**REQUIRED ACTION:** Would you transcribe the records below from the line with "Kırmızı çapraz çanta - 1" to the line with "For Sale Chicago", ends included, exactly and with nothing more, leaving the pictures out?
(RECORD SET Opens)
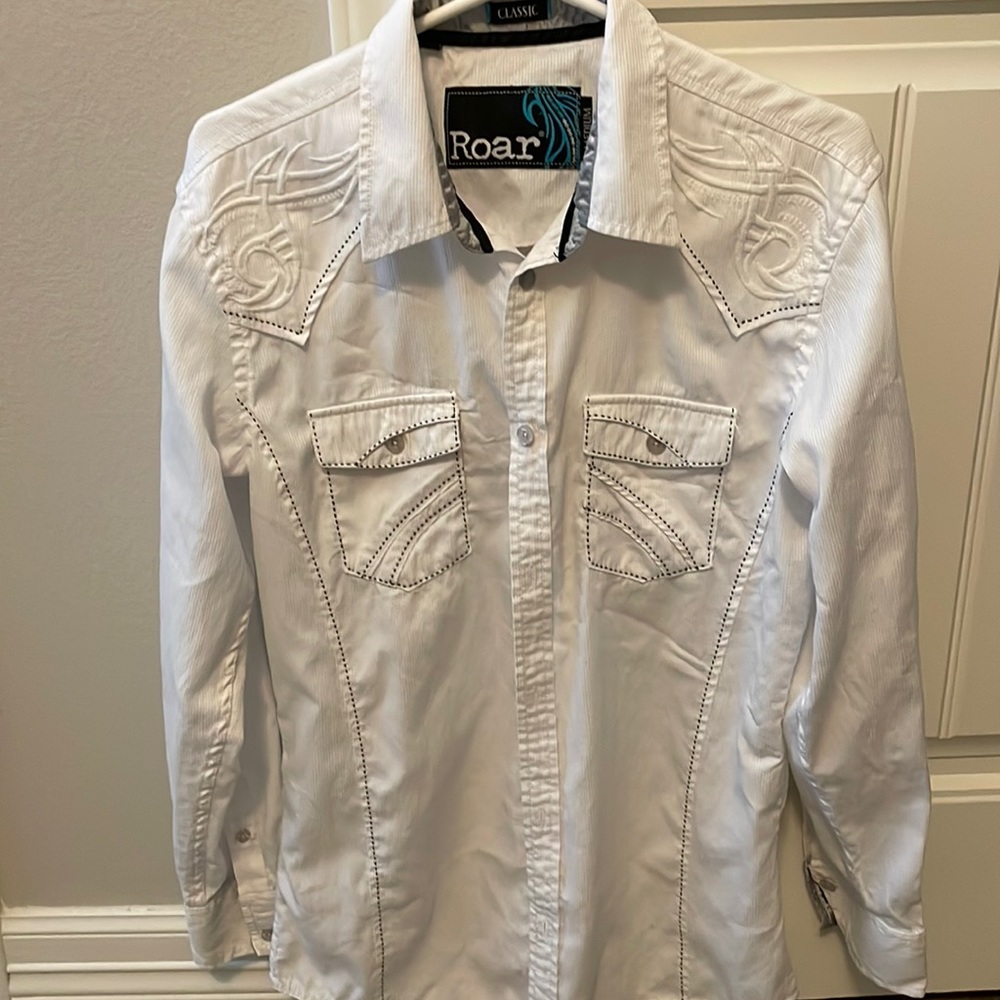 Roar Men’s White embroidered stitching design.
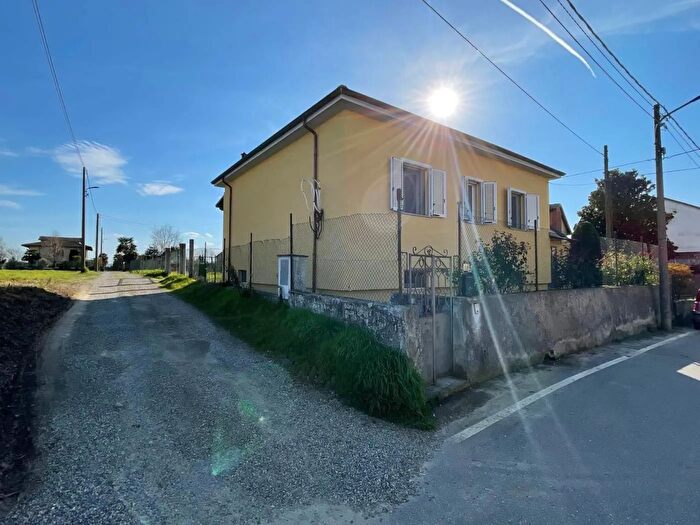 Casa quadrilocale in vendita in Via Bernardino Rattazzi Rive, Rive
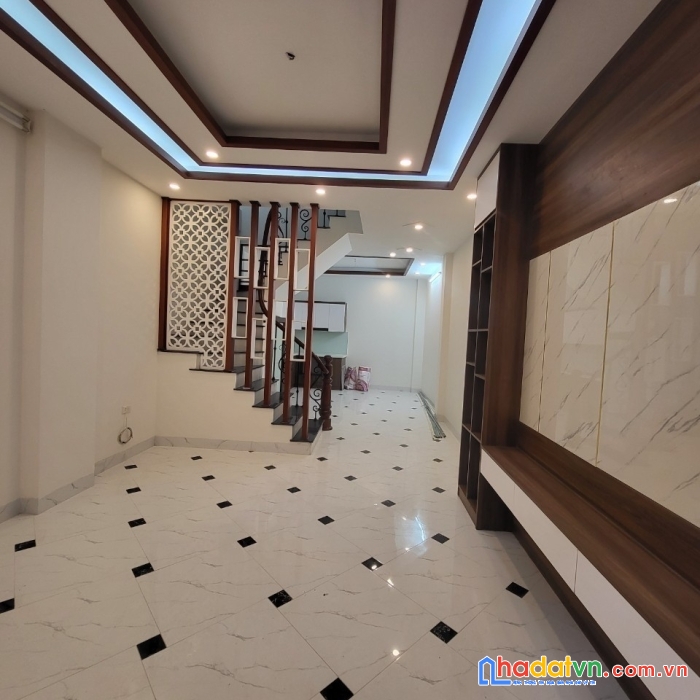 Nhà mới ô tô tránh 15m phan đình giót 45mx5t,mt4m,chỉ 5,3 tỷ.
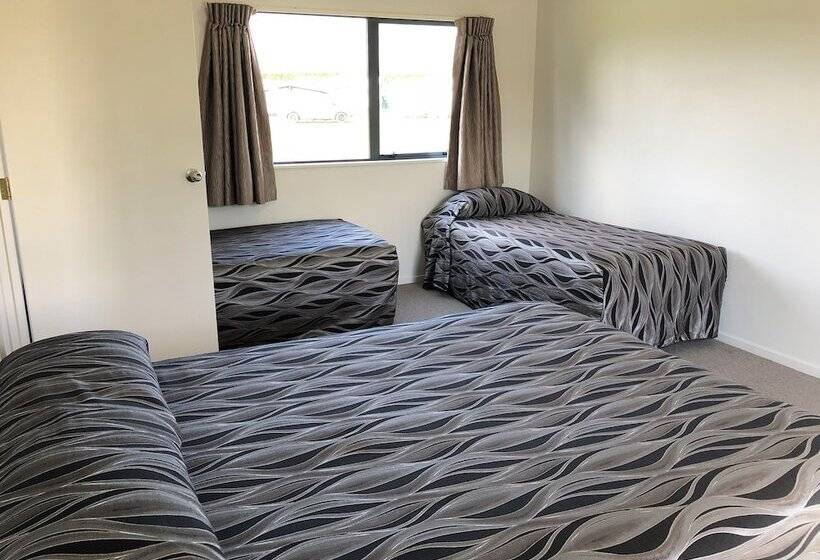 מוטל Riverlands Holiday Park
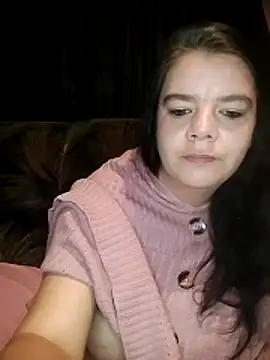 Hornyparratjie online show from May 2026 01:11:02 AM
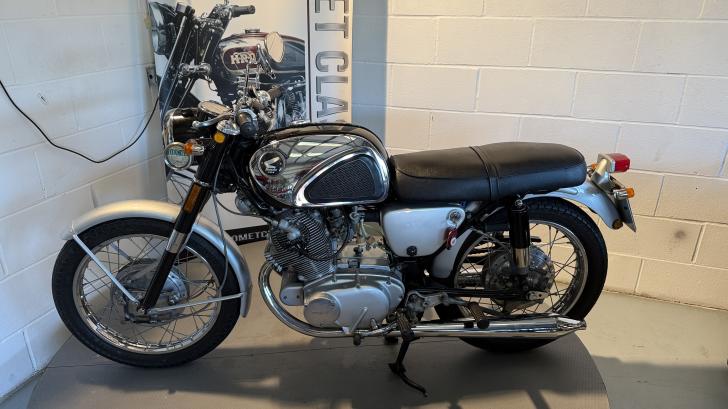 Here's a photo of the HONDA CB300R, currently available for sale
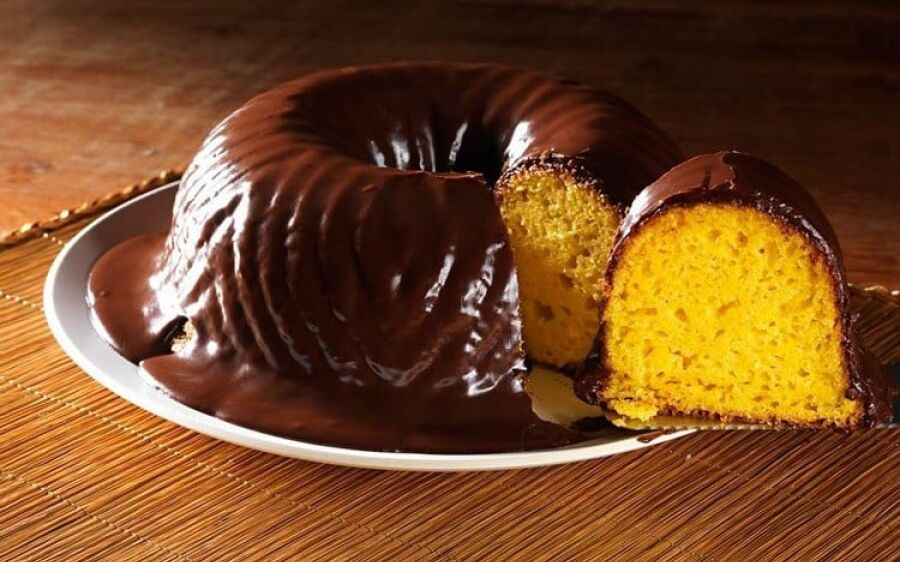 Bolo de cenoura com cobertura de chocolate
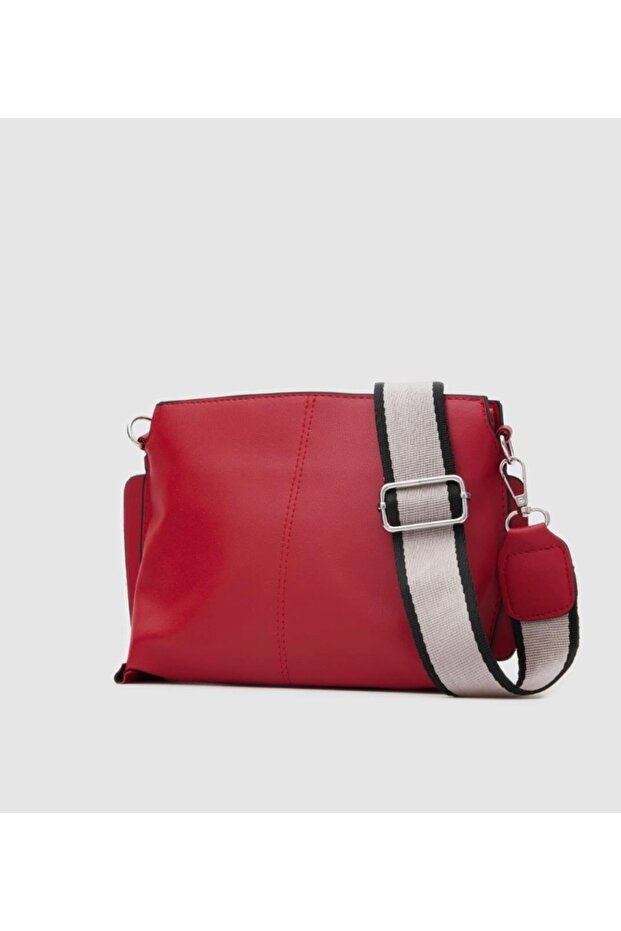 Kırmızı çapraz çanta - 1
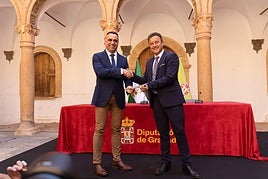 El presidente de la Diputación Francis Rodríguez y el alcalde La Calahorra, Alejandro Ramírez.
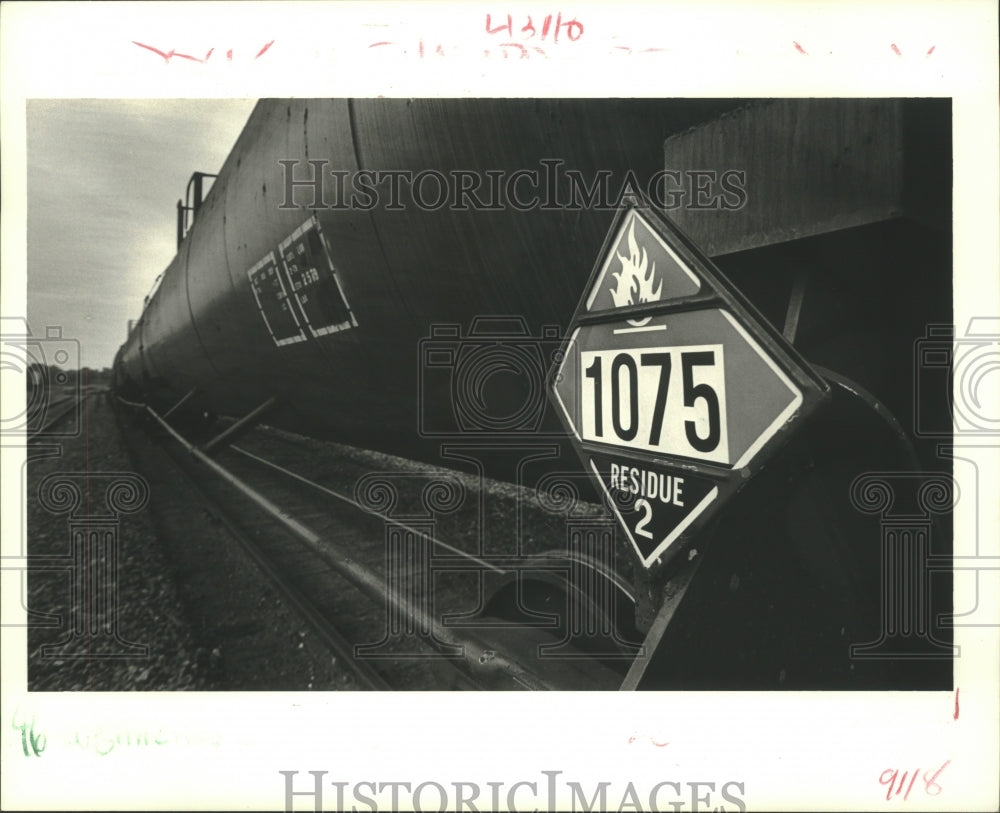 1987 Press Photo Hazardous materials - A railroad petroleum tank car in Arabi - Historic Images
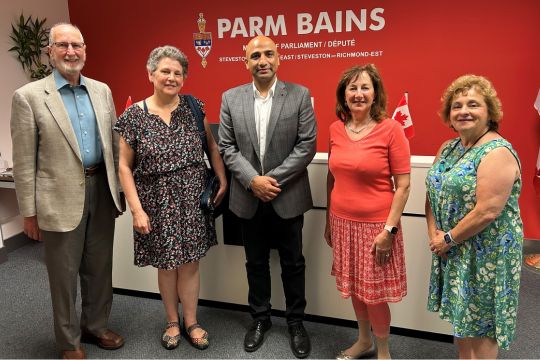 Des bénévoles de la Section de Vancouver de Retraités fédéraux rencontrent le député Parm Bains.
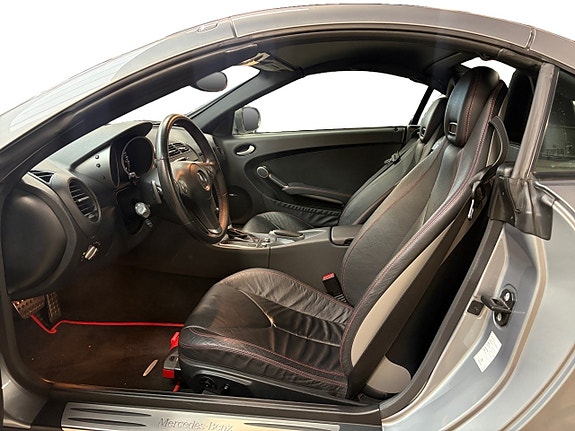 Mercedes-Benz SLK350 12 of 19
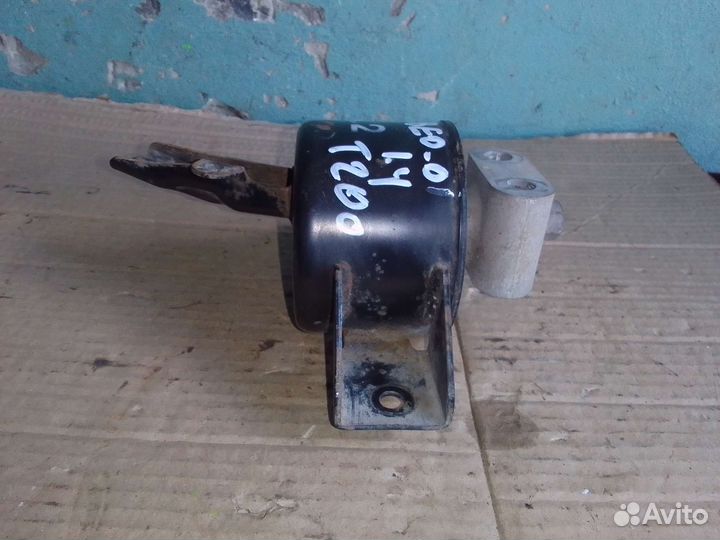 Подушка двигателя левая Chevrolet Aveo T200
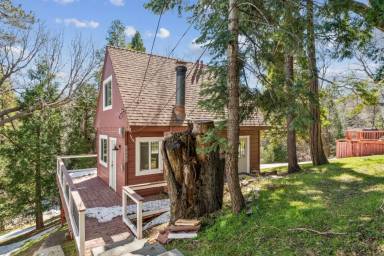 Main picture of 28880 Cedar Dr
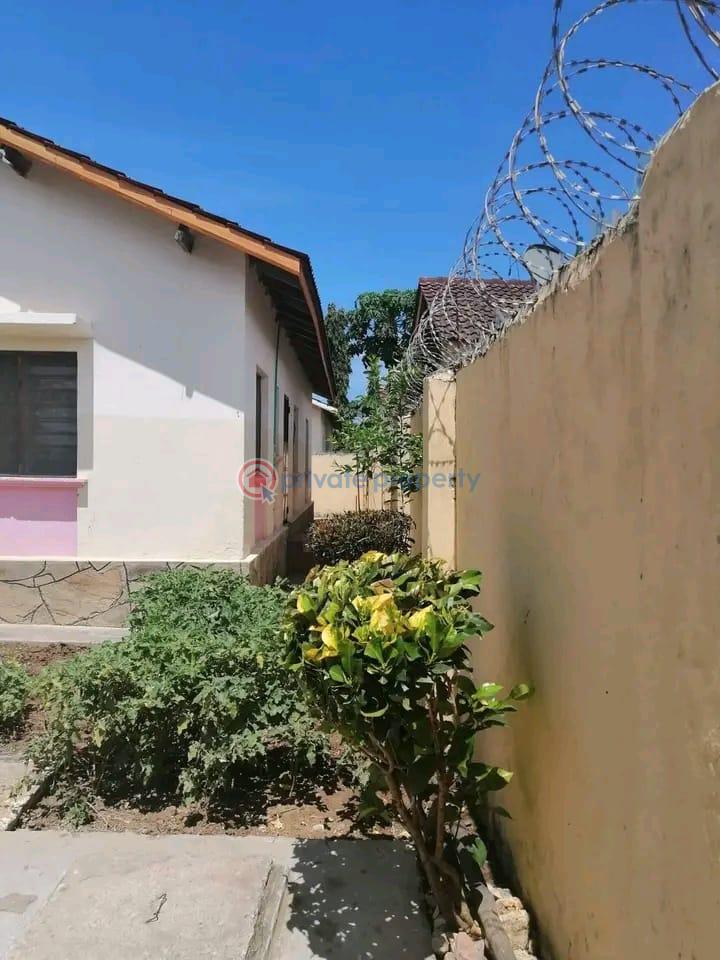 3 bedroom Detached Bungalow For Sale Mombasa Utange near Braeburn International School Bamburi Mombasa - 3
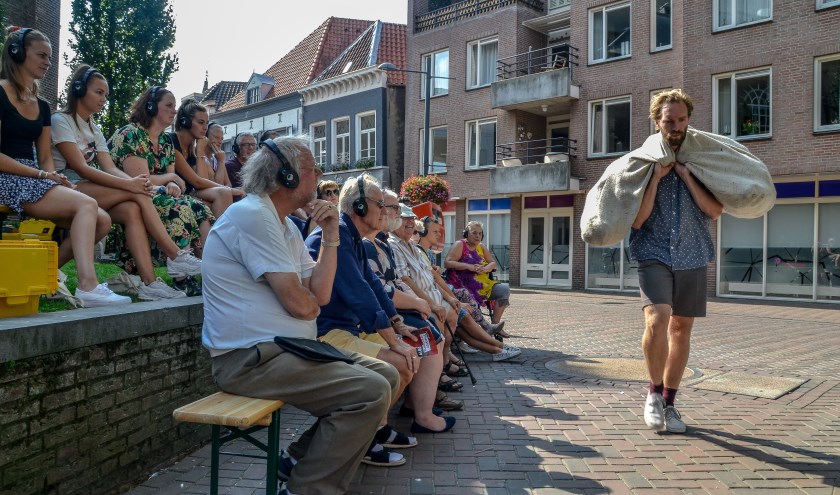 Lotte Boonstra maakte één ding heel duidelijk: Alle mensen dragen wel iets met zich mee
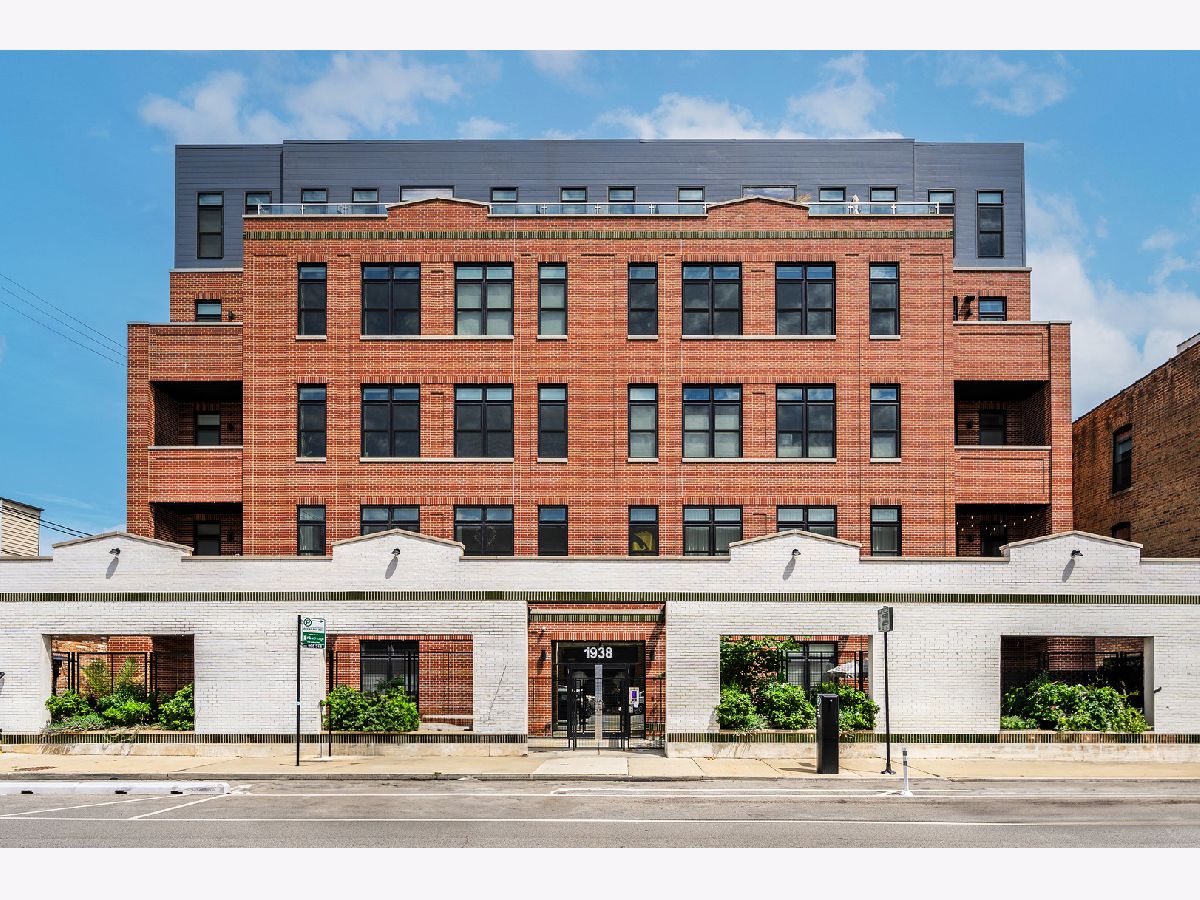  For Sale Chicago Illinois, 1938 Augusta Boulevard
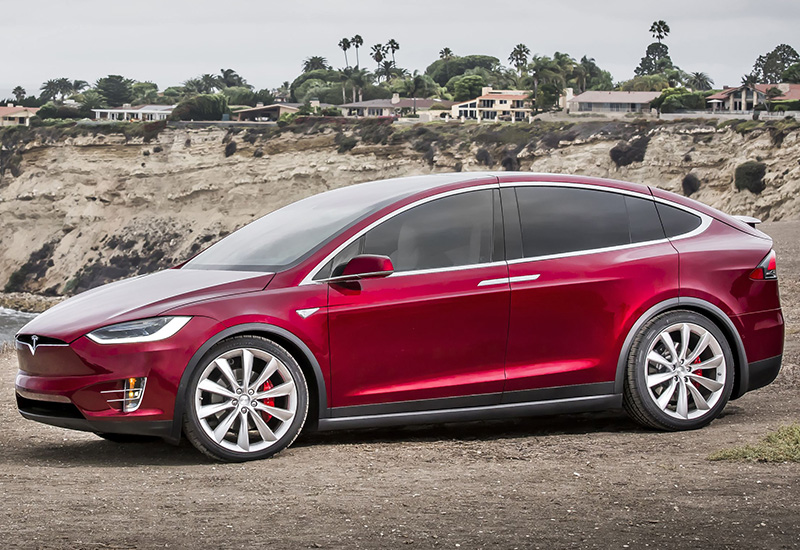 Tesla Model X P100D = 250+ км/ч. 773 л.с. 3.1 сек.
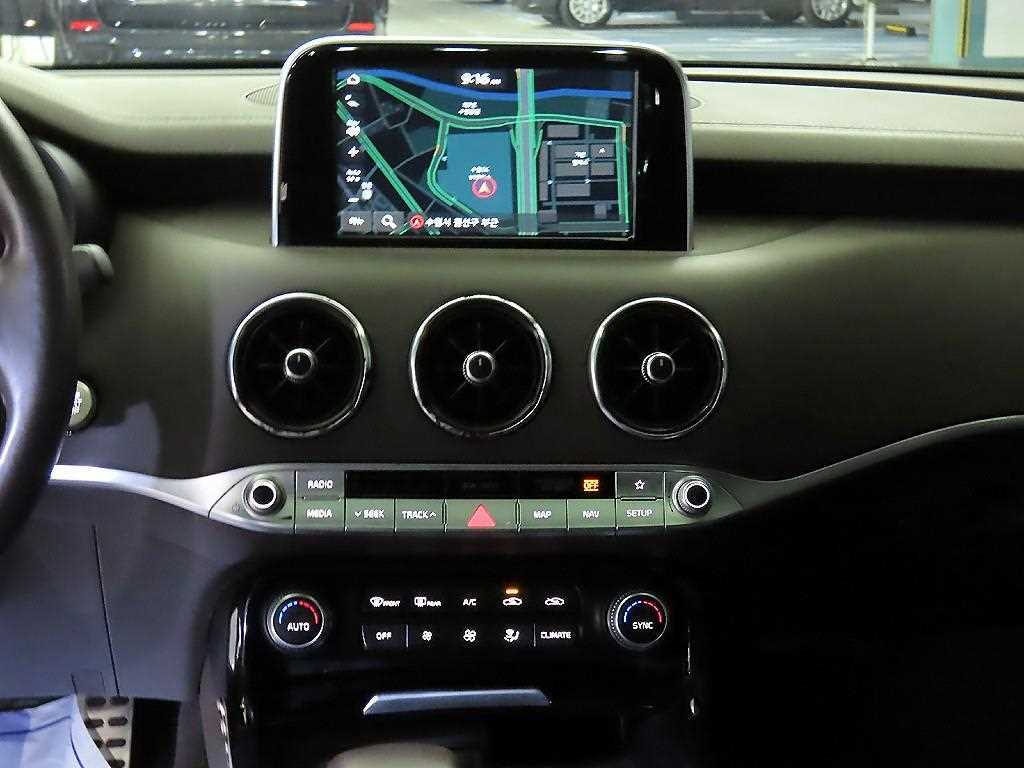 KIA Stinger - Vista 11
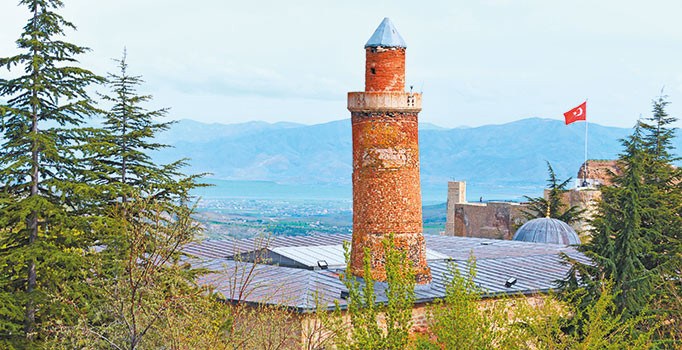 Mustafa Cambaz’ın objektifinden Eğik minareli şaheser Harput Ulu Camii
(RECORD SET Closes)
**TASK RESULT:**
 Kırmızı çapraz çanta - 1
 El presidente de la Diputación Francis Rodríguez y el alcalde La Calahorra, Alejandro Ramírez.
 1987 Press Photo Hazardous materials - A railroad petroleum tank car in Arabi - Historic Images
 Des bénévoles de la Section de Vancouver de Retraités fédéraux rencontrent le député Parm Bains.
 Mercedes-Benz SLK350 12 of 19
 Подушка двигателя левая Chevrolet Aveo T200
 Main picture of 28880 Cedar Dr
 3 bedroom Detached Bungalow For Sale Mombasa Utange near Braeburn International School Bamburi Mombasa - 3
 Lotte Boonstra maakte één ding heel duidelijk: Alle mensen dragen wel iets met zich mee
  For Sale Chicago Illinois, 1938 Augusta Boulevard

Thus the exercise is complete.